The Fleet Zoo

Vetted Nodes, Racks, Fabrics, and Multi-Node Clusters

The Fleet Zoo defines the Structural Context of ML systems—from single microcontrollers to warehouse-scale supercomputers. Systems entries compose hardware nodes, rack profiles, network fabrics, and cluster counts into complete structures that the DistributedModel, sustainability models, and book LEGO cells can analyze.

NoteUnderstanding System Hierarchy

A Fleet = Node × Count + Fabric. The Node specifies which accelerator and how many per server box. A RackProfile specifies a physical rack composition and power envelope. The Fabric specifies how nodes talk to each other (NVLink for intra-node, InfiniBand for inter-node). Use the 3D Parallelism tutorial to see how these parameters affect training time.

Reference Nodes

Node Name Accelerator Count Host Memory Intra-Node BW
DGX A100 NVIDIA A100 8 300.0 GB/s
DGX B200 NVIDIA B200 8 900.0 GB/s
DGX H100 NVIDIA H100 8 2 TB 450.0 GB/s
Kempner H100 4-GPU Server NVIDIA H100 4 450.0 GB/s

Reference Racks

Rack Name Node Type Nodes Accelerators Accelerator Power Support Power Total Power
DGX H100 4-node rack DGX H100 4 32 22400 W 11.1 kW 33500.0 W

Production Clusters

Cluster Name Node Type Node Count Total GPUs Fabric
Frontier Cluster (8192 GPUs) DGX H100 1024 8192 IB NDR
Kempner AI Cluster H100 Partition (384 H100 GPUs) Kempner H100 4-GPU Server 96 384 IB NDR
Lab Cluster (64 H100 GPUs) DGX H100 8 64 IB HDR
Mega Cluster (100000 GPUs) DGX H100 12500 100000 IB NDR
Production Cluster (2048 GPUs) DGX H100 256 2048 IB HDR
Reference H100 Cluster (25000 GPUs) DGX H100 3125 25000 IB NDR
Research Cluster (256 GPUs) DGX H100 32 256 100GbE
Training Cluster (10000 GPUs) DGX H100 1250 10000 IB NDR
Training Cluster (1024 GPUs) DGX H100 128 1024 IB HDR
Training Cluster (1024 A100 GPUs) DGX A100 128 1024 IB HDR
Training Cluster (512 H100 GPUs) DGX H100 64 512 IB HDR

How to Read the Fleet Zoo

Why Fleet Size Matters

Distributed training performance is dominated by communication overhead in large-scale systems such as DistBelief [1]. As you add more nodes, each all-reduce synchronization step must transfer gradient data across the fabric. The DistributedModel models this trade-off using the ring all-reduce cost model from Patarasuk and Yuan’s bandwidth-optimal all-reduce analysis [2]:

\[T_{\text{dp}} = 2(N-1) \cdot \left(\frac{M/N}{BW} + L\right)\]

where \(N\) is the GPU count, \(M\) is the model size in bytes, and \(BW\) is the fabric bandwidth.

Rack Profiles Are System Facts

Rack profiles are composed system facts, not one-off arithmetic. A rack table may explain the component breakdown, but the aggregate rack profile stays in Systems.Racks.* so every chapter uses the same node count, accelerator count, support power, and total power.
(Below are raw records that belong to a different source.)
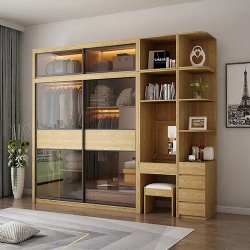Wardrobe millwork with integrated dresser and display shelves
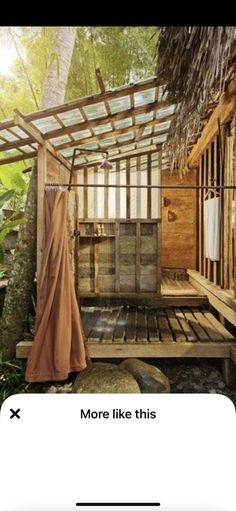 an outdoor bathroom with a shower, toilet and sink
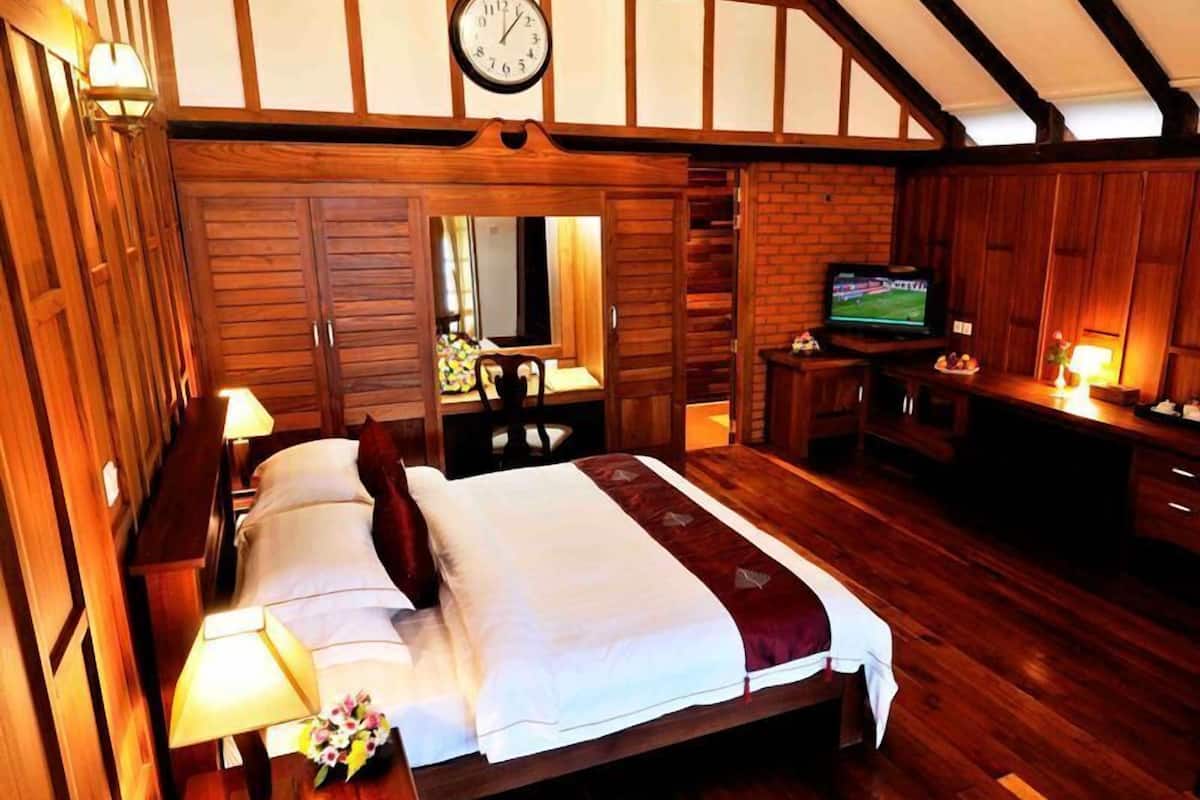 A wooden-floored bedroom with a bed, bedside table, lamp, and a clock on the wall.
The Fabric Matters More Than You Think

Compare the two clusters above: both use DGX H100 nodes, but one uses 100 GbE while the other uses InfiniBand NDR. The 20x bandwidth difference dramatically changes scaling efficiency. Try both in the Scaling to 1000 GPUs tutorial to see the effect.

Deployment Tiers

The deployment tiers (Cloud, Edge, Mobile, Tiny) define the resource envelope for different deployment scenarios. Each tier specifies a RAM budget, storage capacity, and latency target — constraints that determine which models are feasible.

Textbook Connection

The Distributed Training and Collective Communication chapters use fleet configurations to analyze scaling efficiency and communication bottlenecks. The Compute Infrastructure chapter covers the hardware composition of these clusters.


Note: For cluster MTBF and bisection bandwidth details, see the Fleet API Reference.

Back to top

References

[1]
J. Dean, G. S. Corrado, R. Monga, et al., “Large scale distributed deep networks,” Advances in Neural Information Processing Systems, vol. 25, 2012.
[2]
P. Patarasuk and X. Yuan, “Bandwidth optimal all-reduce algorithms for clusters of workstations,” Journal of Parallel and Distributed Computing, vol. 69, no. 2, pp. 117–124, 2009, doi: 10.1016/j.jpdc.2008.09.002.